Does that mean all those votes I enumerated do not mean a thing? Of course not, they keep the unemployable in work for several weeks, counting though they cannot count, and sorting though they cannot think.

I suppose I am saying that what is, is, unlike what B. or H. Clinton might suspect, or at least publicly state, is is enumerated. And, we are in good hands but it has nothing to do with All-State. Nor does it have to do with good governance, so long as the people remain in love with Love.

God is all. Even here, even now. If we are Christians, we will not fall. Just as when the Jews remained true. The question, if you have doubt then is, are we with God, or without? It is a good question. But with the answer will come surety... of blessings or doom. The rest is trivial. And, mostly, where are you with God? Follow his will, as you know it. Understand others may in absolute truth do the same and yet act differently, then do not worry your weary head.

Be well.

troutsky said...

You be well too, doom.( snark alert: that post is the perfect example of why Church and State must remain separate)

As for your dissapointment with universal suffrage , Wiser, are you suggesting a "common sense" test folks must pass to participate?

The reason it is so hard to find the "true" conservative is because conservatism, like liberalism, is a hollowed out facade. A hologram which Cal Thomas feeds off of with his support for imperialist war, for re-distribution of wealth upwards, his sexism and zenophobia.It is the philosophy of fear, fear of the present, fear of the people, fear of God, fear of life.

Doom said...

No problem, to include your religion, troutsky. And, a grain of salt is often necessary. But then, you don't really have that in you, do you?

And, thanks. I am well.

A Wiser Man Than I said...

that post is the perfect example of why Church and State must remain separate

I'll not argue the point, though I'd add that the history of the 20th century suggests that the State should remain small.

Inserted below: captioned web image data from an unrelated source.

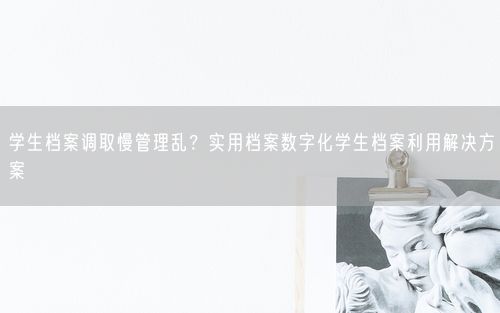 学生档案调取慢管理乱？实用档案数字化学生档案利用解决方案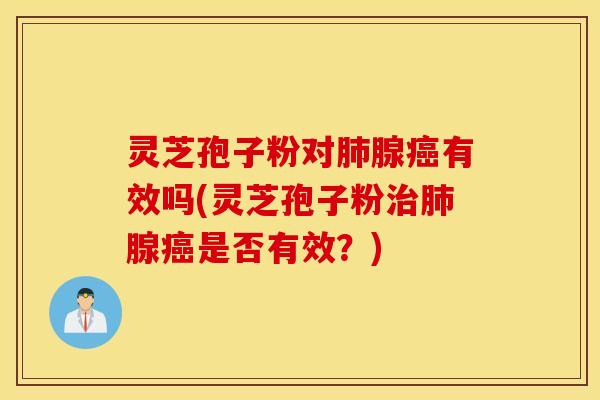 灵芝孢子粉对肺腺癌有效吗(灵芝孢子粉治肺腺癌是否有效？)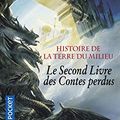 Cover Art for 9782266162333, Histoire de la Terre du Milieu, Tome 2 : Le Livre des Contes perdus by J R r Tolkien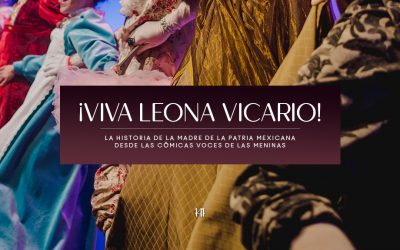 ¡VIVA Leona Vicario!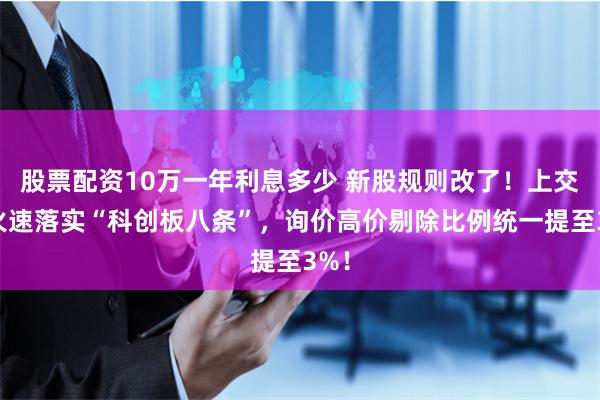 股票配资10万一年利息多少 新股规则改了!上交所火速落实“科创板八条”,询价高价剔除比例统一提至3%!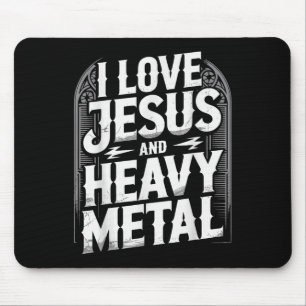 I Love Jesus And Heavy Metal  Mouse Pad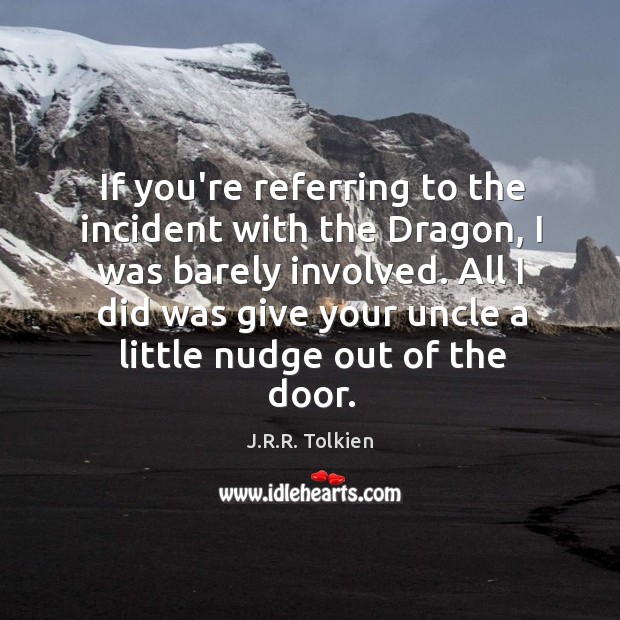If you’re referring to the incident with the Dragon, I was barely J.R.R. Tolkien Picture Quote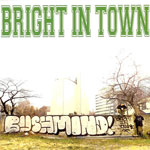 BUSHMIND / BRIGHT IN TOWN (TAD SOUND)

It is the philosophy of fear, fear of the present, fear of the people, fear of God, fear of life.

Now that's a bit ridiculous. You can find evidence of fearful people in almost any segment of society, in almost any ideology.

The Republican party has been taken over by fear as of late, but at what used to be the heart of conservatism was a cautious individual, not necessarily a fearful one. It's a bad idea to enact changes by the Government because most of those changes are bound to fail.

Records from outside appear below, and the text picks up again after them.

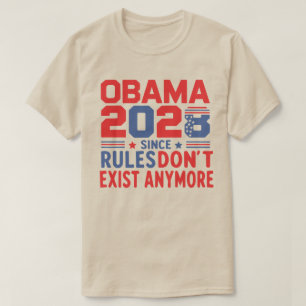 Camiseta Obama 2028 Já que as Regras Não Existem Mais 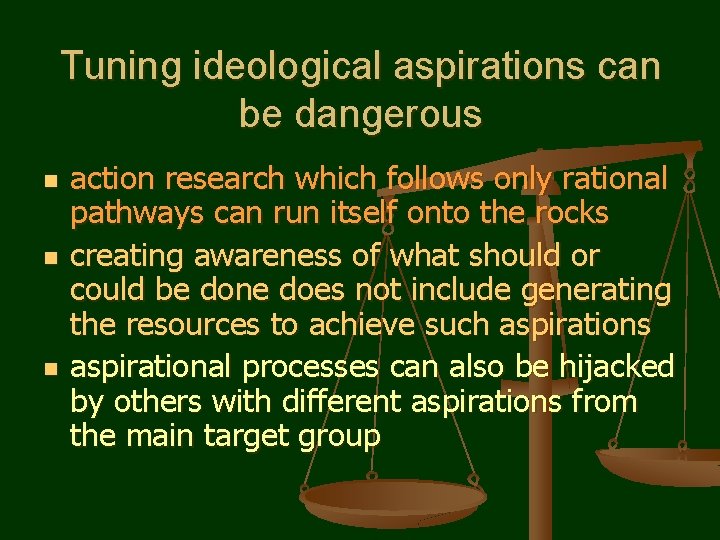 Tuning ideological aspirations can be dangerous n n n action research which follows only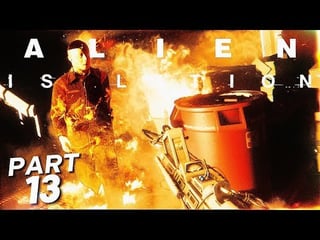 Fighting for Survival - ALIEN ISOLATION Walkthrough Part 13 (FULL GAME)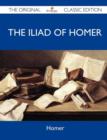 Image for The Iliad of Homer - The Original Classic Edition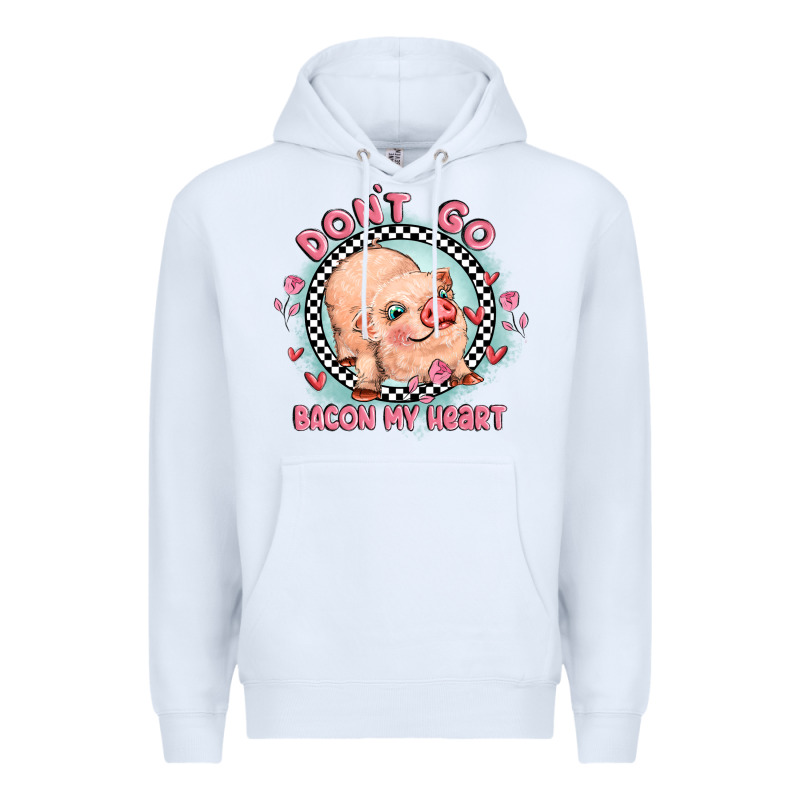 Dont Go Bacon My Heart Premium Hoodie by MaliasSmallBusiness | Teevron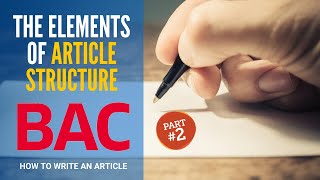 Information Article Writing Part 2: The Elements of Article Structure Update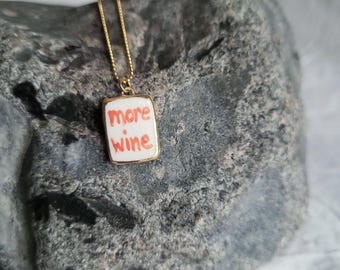 more wine, porcelain necklace, 22k gold white/red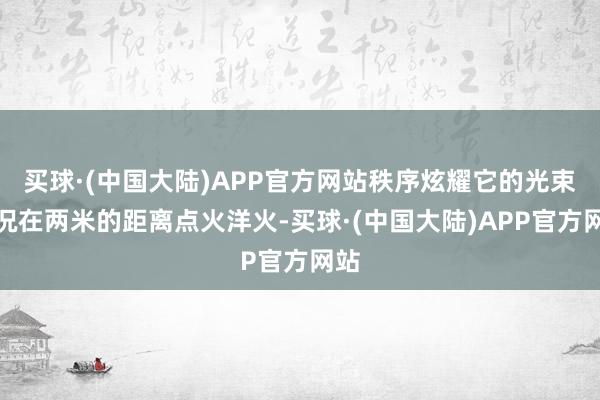 买球·(中国大陆)APP官方网站秩序炫耀它的光束概况在两米的距离点火洋火-买球·(中国大陆)APP官方网站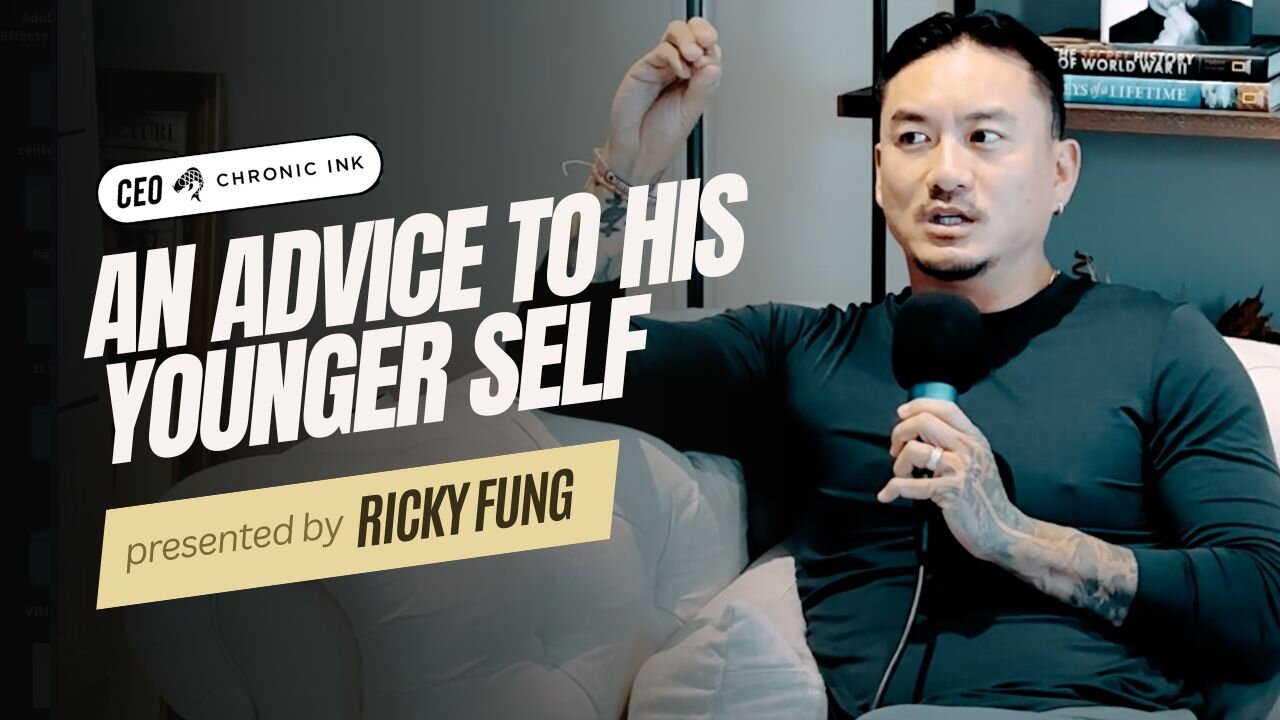 CEO Of Chronic Ink Ricky Fung's Advice to His Younger Self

There was a real conservatism. It is now dead. Heaven knows what the term will mean years hence.

A Wiser Man Than I said...

As for your dissapointment with universal suffrage , Wiser, are you suggesting a "common sense" test folks must pass to participate?

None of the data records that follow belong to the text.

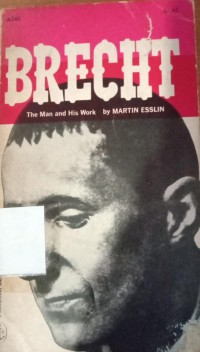 Brecht:The Man And His Work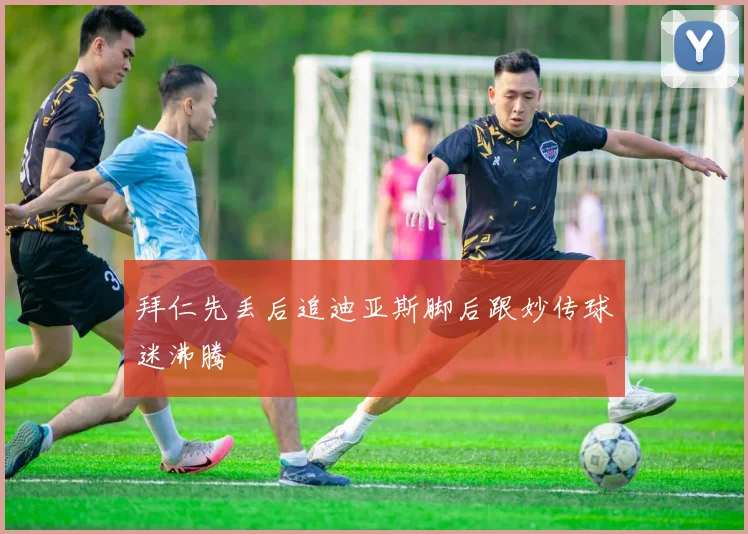 拜仁先丢后追迪亚斯脚后跟妙传球迷沸腾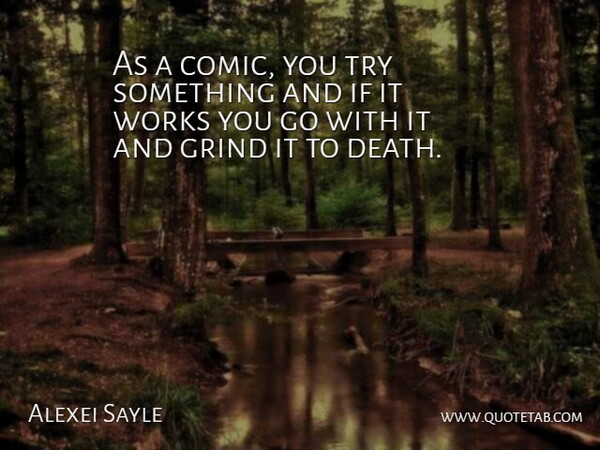 Alexei Sayle Quote About Trying, Grind, Comic: As A Comic You Try...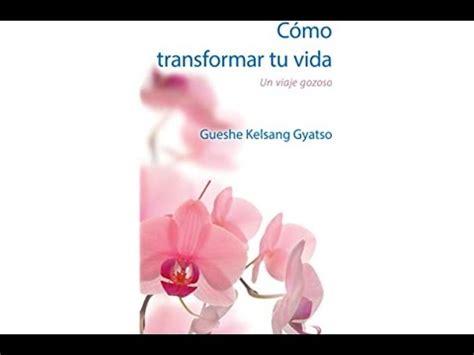 Libro Cómo transformar tu vida Un viaje gozoso Buda YouTube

I'm not sure what to do about universal suffrage. It's very obvious that, while the system is working as intended, allowing the bipartisan faction in Washington to do whatever they wish isn't what I'd call magnanimous.

The problem with a common sense test is that the government would be the final arbiter. I'm not optimistic about the chances of the government behaving benevolently. We might see a lot of libertarians disenfranchised all of a sudden.

I think I might like a King. There are fewer heads to chop off in a monarchy.